İsrail saldırıları bir gün sona erdikten sonra Filistinliler için kriz sona ermeyecek. Yerle bir edilen evlerine dönmeleri mümkün değil. Gazze’nin altyapısı tamamen yok edildi. On yıllar boyunca sürecek yeniden imar süreci başlayacak. Bu sürecin de yeni İsrail saldırılarıyla her zaman akamete uğraması riski bulunuyor.
Tüm yönleriyle düşünüldüğünde, İsrail’in bilinçli şekilde konuyu “Filistin meselesi” olmaktan, “Filistinliler meselesine” dönüştürmeye çalıştığı ortada. Başkenti Doğu Kudüs olan birleşik ve egemen bir Filistin devletinin mevcut şartlarda kurulmasının mümkün olmadığını çok iyi bilen İsrail, bu devletin gelecekte var olabilmesi için gerekli tüm kapasiteyi de yok etmeyi sürdürmeye kararlı. İsrail bundan sonra, işgal altında tuttuğu topraklardaki Filistinlileri başka ülkelere göç ettirmeye daha çok odaklanacak. Bunun önüne geçmenin tek yolu ise; Gazze’de kalıcı ateşkese varılırsa, bunun hemen ardından bağımsız Filistin’in uluslararası alanda tanınırlığını sağlayabilmek için çok güçlü bir kampanya başlatmaktan geçiyor.

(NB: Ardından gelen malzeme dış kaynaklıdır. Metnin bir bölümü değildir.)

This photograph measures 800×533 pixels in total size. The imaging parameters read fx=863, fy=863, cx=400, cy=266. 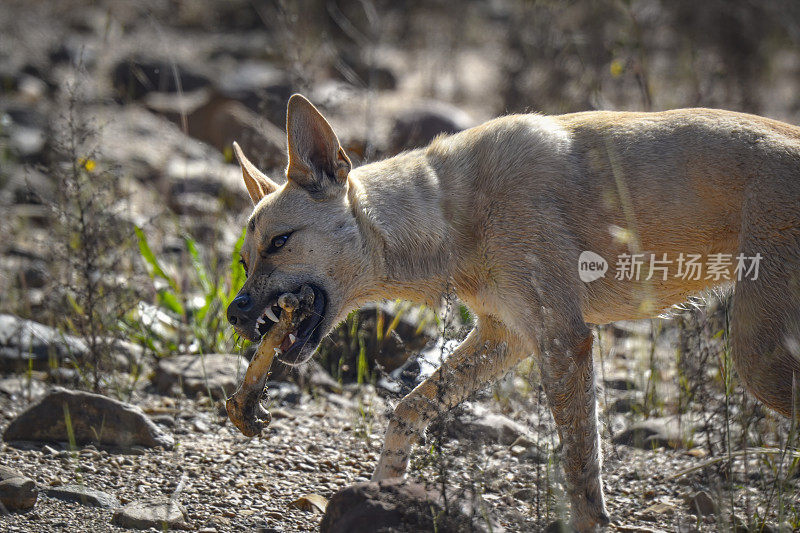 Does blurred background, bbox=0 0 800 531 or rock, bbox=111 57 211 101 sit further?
rock, bbox=111 57 211 101

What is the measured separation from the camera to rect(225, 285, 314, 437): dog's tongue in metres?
3.99

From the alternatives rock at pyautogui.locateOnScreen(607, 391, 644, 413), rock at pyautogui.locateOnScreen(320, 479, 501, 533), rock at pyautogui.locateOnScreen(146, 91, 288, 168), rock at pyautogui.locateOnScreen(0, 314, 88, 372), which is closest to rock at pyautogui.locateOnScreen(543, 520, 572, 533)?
rock at pyautogui.locateOnScreen(320, 479, 501, 533)

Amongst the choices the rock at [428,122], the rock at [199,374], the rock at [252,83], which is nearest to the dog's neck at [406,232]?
the rock at [199,374]

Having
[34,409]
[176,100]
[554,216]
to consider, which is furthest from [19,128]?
[554,216]

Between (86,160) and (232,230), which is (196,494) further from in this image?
(232,230)

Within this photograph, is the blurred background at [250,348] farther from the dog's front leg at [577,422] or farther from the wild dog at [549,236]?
the wild dog at [549,236]

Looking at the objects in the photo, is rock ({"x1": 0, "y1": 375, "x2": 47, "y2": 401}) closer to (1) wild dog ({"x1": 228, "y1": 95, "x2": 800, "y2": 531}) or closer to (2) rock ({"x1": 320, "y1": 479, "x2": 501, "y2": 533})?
(1) wild dog ({"x1": 228, "y1": 95, "x2": 800, "y2": 531})

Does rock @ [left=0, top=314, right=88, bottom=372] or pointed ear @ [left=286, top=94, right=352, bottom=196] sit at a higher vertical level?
pointed ear @ [left=286, top=94, right=352, bottom=196]

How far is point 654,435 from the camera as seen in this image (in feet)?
16.6

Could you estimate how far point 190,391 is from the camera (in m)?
5.48

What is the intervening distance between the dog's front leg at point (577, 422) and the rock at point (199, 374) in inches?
86.3

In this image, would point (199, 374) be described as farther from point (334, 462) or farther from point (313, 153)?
point (313, 153)

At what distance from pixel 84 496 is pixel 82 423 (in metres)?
0.78

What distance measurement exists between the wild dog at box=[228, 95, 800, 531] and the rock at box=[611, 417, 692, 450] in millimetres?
993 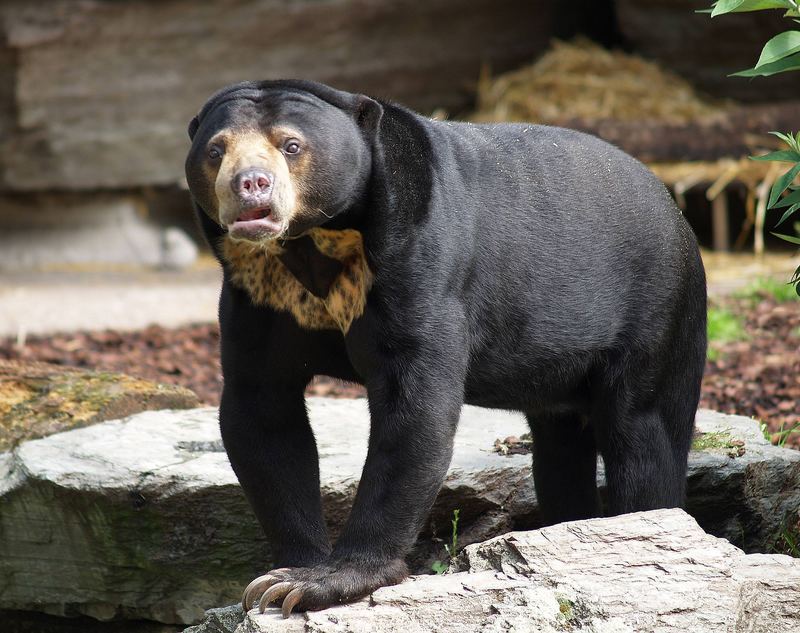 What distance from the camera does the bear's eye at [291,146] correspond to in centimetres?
358

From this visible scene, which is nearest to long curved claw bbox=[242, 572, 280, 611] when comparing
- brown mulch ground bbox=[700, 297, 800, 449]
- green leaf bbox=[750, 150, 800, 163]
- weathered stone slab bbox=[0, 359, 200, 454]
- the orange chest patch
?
the orange chest patch

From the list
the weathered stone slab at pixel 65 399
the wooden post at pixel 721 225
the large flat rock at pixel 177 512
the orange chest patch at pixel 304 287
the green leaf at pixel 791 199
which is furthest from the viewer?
the wooden post at pixel 721 225

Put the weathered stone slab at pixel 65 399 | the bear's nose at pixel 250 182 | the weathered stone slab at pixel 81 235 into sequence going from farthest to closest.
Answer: the weathered stone slab at pixel 81 235 → the weathered stone slab at pixel 65 399 → the bear's nose at pixel 250 182

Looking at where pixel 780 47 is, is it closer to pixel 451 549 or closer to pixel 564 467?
pixel 564 467

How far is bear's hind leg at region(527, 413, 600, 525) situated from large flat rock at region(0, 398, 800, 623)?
0.21 metres

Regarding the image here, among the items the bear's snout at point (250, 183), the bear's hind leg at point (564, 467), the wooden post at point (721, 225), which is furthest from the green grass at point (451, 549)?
the wooden post at point (721, 225)

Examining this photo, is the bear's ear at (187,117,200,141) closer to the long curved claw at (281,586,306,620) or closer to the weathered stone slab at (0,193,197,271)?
the long curved claw at (281,586,306,620)

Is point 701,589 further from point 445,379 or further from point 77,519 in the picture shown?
point 77,519

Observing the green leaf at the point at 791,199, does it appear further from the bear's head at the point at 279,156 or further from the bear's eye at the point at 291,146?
the bear's eye at the point at 291,146

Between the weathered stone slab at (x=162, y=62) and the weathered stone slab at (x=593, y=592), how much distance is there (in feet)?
27.6

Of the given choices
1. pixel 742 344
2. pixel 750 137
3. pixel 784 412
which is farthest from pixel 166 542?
pixel 750 137

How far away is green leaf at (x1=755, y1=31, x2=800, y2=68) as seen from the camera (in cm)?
360

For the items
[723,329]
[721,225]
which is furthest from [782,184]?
→ [721,225]

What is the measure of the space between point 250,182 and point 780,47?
157cm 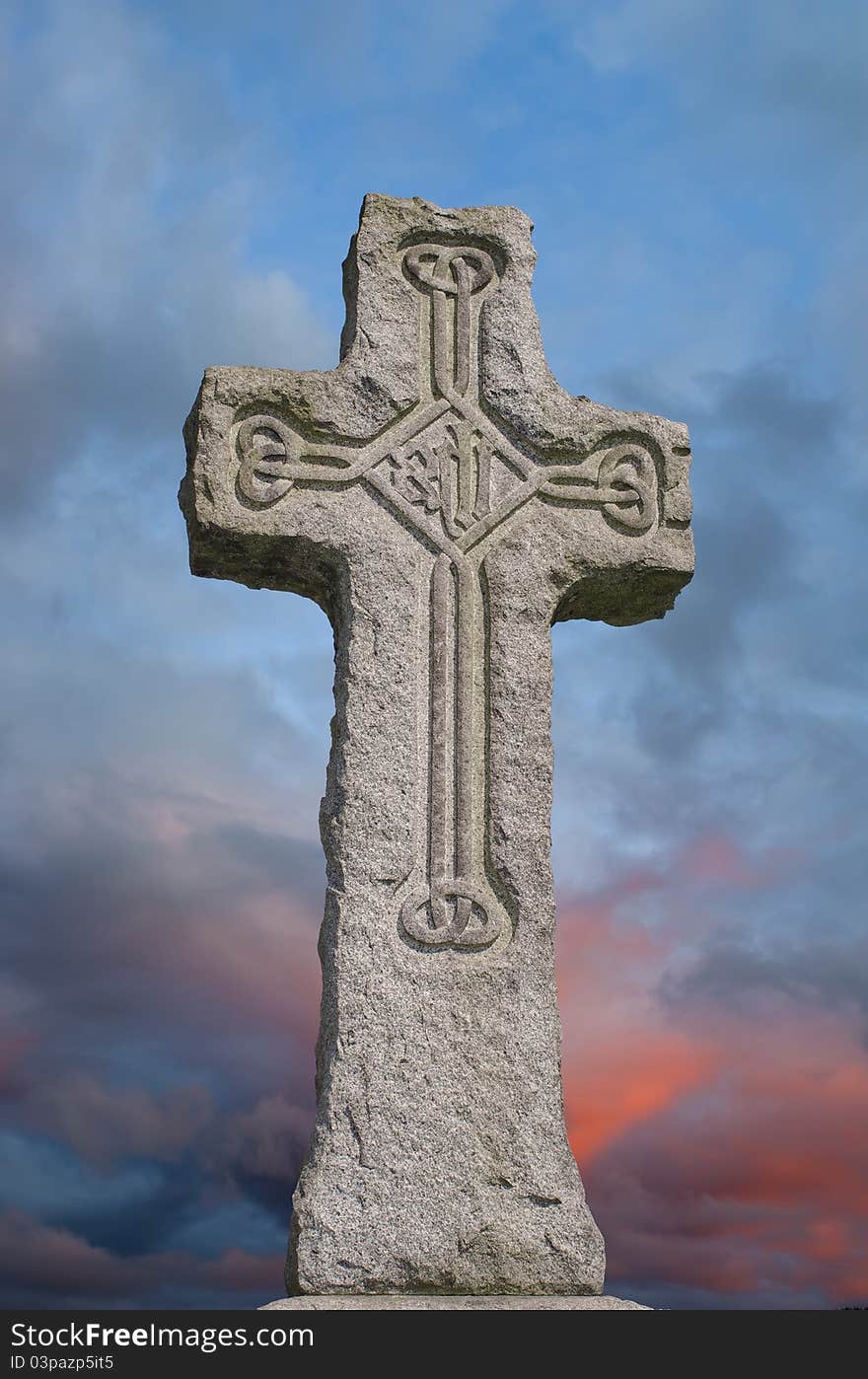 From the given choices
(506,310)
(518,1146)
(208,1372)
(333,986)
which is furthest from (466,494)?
(208,1372)

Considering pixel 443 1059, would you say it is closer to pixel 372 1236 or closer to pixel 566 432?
pixel 372 1236

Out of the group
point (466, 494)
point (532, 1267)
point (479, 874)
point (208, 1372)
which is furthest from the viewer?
point (466, 494)

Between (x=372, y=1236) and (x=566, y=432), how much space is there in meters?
3.17

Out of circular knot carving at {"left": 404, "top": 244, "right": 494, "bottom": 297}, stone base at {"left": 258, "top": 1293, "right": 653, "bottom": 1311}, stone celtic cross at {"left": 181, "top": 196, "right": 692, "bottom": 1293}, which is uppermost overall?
circular knot carving at {"left": 404, "top": 244, "right": 494, "bottom": 297}

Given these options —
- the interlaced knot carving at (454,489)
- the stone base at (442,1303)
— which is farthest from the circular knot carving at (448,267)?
the stone base at (442,1303)

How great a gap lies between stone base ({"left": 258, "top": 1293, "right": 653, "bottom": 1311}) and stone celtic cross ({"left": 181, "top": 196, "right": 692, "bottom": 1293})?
43 millimetres

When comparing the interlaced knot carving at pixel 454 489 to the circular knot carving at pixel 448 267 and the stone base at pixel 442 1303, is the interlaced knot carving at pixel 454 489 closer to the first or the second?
the circular knot carving at pixel 448 267

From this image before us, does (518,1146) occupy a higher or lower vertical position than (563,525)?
lower

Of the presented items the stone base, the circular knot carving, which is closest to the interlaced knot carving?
the circular knot carving

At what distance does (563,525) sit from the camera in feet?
19.6

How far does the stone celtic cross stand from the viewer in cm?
504

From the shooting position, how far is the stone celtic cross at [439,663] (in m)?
5.04

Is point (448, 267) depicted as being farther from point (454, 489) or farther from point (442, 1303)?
point (442, 1303)

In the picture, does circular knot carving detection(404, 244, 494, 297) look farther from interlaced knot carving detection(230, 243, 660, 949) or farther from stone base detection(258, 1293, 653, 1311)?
stone base detection(258, 1293, 653, 1311) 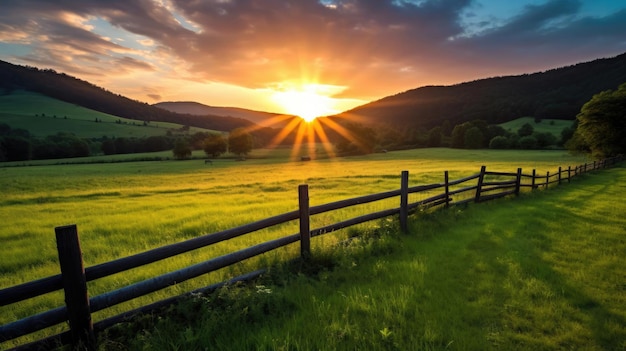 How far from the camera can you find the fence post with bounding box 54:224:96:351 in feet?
11.0

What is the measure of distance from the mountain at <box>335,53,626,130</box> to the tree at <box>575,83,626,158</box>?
3493 inches

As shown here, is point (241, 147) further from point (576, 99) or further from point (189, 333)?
point (576, 99)

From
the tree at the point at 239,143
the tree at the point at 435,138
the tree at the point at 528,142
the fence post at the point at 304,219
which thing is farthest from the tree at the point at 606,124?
the tree at the point at 239,143

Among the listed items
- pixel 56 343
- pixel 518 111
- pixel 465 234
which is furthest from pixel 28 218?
pixel 518 111

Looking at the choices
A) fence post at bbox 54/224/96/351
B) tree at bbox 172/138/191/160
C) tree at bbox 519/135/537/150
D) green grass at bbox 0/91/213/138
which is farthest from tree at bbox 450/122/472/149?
green grass at bbox 0/91/213/138

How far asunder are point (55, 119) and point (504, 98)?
203742mm

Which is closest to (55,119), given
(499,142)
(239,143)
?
(239,143)

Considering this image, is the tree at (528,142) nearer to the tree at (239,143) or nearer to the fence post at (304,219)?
the tree at (239,143)

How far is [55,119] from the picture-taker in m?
131

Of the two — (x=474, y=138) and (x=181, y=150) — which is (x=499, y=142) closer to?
(x=474, y=138)

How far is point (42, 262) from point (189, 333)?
23.0 feet

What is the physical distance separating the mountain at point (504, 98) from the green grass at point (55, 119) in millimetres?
102232

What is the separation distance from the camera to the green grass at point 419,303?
3.73m

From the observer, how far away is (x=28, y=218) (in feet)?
44.9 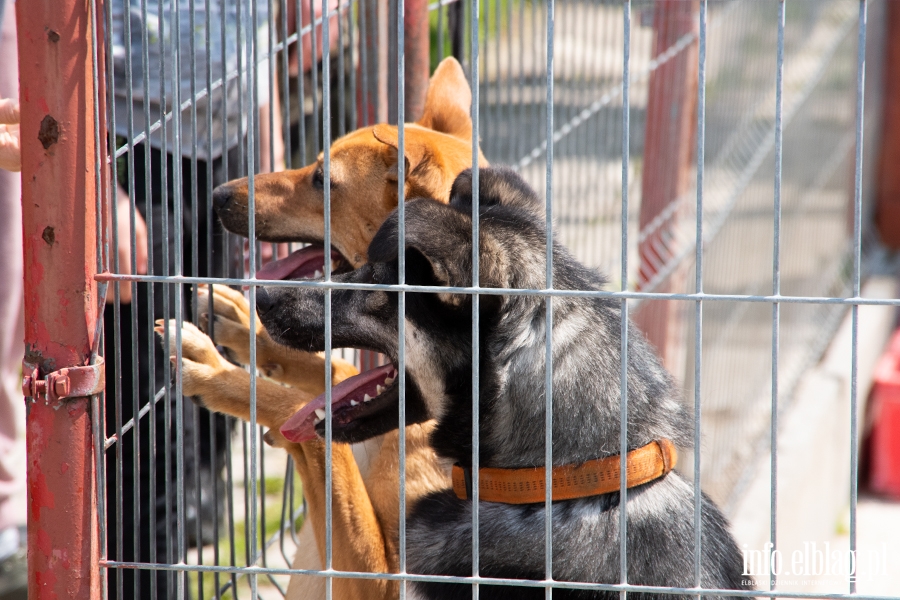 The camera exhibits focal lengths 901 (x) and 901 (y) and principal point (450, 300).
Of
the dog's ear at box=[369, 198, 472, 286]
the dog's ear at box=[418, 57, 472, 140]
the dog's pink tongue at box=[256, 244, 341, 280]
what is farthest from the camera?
the dog's ear at box=[418, 57, 472, 140]

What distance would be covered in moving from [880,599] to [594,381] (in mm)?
632

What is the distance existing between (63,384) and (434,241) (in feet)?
2.26

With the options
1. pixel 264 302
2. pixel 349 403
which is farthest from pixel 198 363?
pixel 349 403

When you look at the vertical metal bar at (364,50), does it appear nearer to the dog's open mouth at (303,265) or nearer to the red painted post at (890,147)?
the dog's open mouth at (303,265)

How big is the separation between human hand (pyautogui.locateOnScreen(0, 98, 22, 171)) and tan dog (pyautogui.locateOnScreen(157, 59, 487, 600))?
46cm

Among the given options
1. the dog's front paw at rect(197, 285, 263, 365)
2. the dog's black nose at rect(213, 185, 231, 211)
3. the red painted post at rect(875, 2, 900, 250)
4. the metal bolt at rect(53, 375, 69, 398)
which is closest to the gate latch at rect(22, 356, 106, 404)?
the metal bolt at rect(53, 375, 69, 398)

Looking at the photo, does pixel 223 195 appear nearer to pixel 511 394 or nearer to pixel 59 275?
pixel 59 275

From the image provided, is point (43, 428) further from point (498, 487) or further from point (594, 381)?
point (594, 381)

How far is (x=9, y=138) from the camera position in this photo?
1895mm

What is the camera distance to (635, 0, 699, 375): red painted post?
3.81 metres

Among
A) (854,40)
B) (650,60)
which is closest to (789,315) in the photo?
(650,60)

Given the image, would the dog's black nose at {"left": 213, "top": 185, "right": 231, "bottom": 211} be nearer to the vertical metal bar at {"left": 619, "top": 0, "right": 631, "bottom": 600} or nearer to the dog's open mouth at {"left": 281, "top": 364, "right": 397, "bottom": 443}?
the dog's open mouth at {"left": 281, "top": 364, "right": 397, "bottom": 443}

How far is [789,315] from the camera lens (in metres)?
5.55

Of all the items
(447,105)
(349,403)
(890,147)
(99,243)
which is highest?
(890,147) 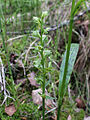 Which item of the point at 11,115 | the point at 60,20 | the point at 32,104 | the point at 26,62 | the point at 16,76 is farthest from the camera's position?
the point at 60,20

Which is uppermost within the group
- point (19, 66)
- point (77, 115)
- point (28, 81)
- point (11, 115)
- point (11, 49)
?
point (11, 49)

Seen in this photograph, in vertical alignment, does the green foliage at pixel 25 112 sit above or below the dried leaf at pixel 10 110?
below

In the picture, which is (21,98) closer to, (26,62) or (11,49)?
(26,62)

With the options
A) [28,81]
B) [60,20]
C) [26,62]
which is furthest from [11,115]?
[60,20]

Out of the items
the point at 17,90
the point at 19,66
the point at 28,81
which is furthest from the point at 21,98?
the point at 19,66

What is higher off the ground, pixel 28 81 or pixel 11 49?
pixel 11 49

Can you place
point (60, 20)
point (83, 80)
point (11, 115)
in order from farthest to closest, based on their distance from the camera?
1. point (60, 20)
2. point (83, 80)
3. point (11, 115)

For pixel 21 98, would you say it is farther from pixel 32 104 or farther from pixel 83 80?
pixel 83 80

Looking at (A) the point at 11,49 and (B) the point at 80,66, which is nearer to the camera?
(A) the point at 11,49

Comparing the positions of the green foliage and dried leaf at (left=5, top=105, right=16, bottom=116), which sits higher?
dried leaf at (left=5, top=105, right=16, bottom=116) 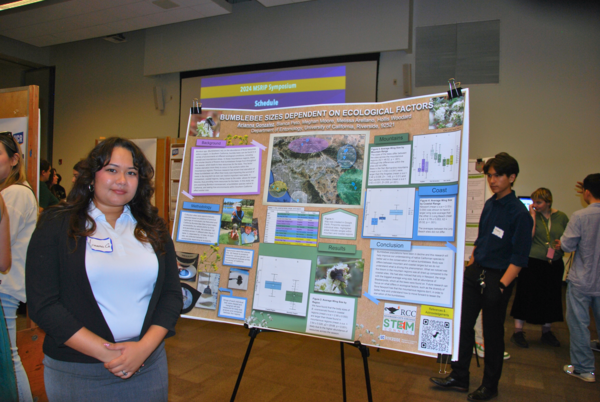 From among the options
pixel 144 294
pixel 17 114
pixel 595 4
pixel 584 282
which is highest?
pixel 595 4

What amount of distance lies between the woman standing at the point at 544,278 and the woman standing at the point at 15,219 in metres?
3.97

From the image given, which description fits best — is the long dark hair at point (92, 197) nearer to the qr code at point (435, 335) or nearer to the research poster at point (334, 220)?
the research poster at point (334, 220)

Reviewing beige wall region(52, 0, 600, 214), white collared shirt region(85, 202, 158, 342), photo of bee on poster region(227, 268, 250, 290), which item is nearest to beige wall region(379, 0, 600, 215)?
beige wall region(52, 0, 600, 214)

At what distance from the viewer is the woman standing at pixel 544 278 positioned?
3754 millimetres

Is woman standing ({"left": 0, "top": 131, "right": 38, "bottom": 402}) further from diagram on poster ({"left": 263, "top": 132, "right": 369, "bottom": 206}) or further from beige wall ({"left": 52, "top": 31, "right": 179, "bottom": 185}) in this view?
beige wall ({"left": 52, "top": 31, "right": 179, "bottom": 185})

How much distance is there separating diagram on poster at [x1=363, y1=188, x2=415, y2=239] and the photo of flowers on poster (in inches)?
5.7

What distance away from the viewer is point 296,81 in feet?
16.5

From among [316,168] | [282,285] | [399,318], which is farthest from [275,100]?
[399,318]

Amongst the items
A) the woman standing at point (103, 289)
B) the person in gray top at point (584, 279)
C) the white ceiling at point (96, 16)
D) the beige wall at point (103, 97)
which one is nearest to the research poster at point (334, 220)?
the woman standing at point (103, 289)

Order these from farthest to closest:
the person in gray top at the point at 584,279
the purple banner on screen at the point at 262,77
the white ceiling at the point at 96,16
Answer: the white ceiling at the point at 96,16
the purple banner on screen at the point at 262,77
the person in gray top at the point at 584,279

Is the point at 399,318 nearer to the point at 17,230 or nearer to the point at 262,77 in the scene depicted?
the point at 17,230

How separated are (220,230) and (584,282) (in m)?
2.66

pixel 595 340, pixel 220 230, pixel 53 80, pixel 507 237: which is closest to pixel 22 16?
pixel 53 80

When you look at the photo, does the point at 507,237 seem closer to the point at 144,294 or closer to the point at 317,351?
the point at 317,351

Filistin konusunda garantörlük önerisi getiren Türkiye böyle bir kampanyanın öncülerinden olabilir. Bu çabanın başarıya ulaşabilmesi için Filistin meselesinin çözümünde somut bir faydaları olmayan bölge ülkelerinin katkıları değil, ülkelerinde bu konuda en fazla duyarlılık oluşan Brezilya, Güney Afrika ve İspanya gibi ülkelerin yardımları etkili olacaktır. Başka bir ifadeyle, Filistin bölgesel ve Arap ülkeleri merkezli bir konu olmaktan çıkarılarak, uluslararası bir niteliğe kavuşturulmalıdır. Daha önce denenmiş ve sonuç alınamamış her türlü girişim, Filistin’in Filistinlilerden “arındırılması” için İsrail’e daha fazla zaman kazandırmaktan öteye bir sonuç doğurmayacaktır.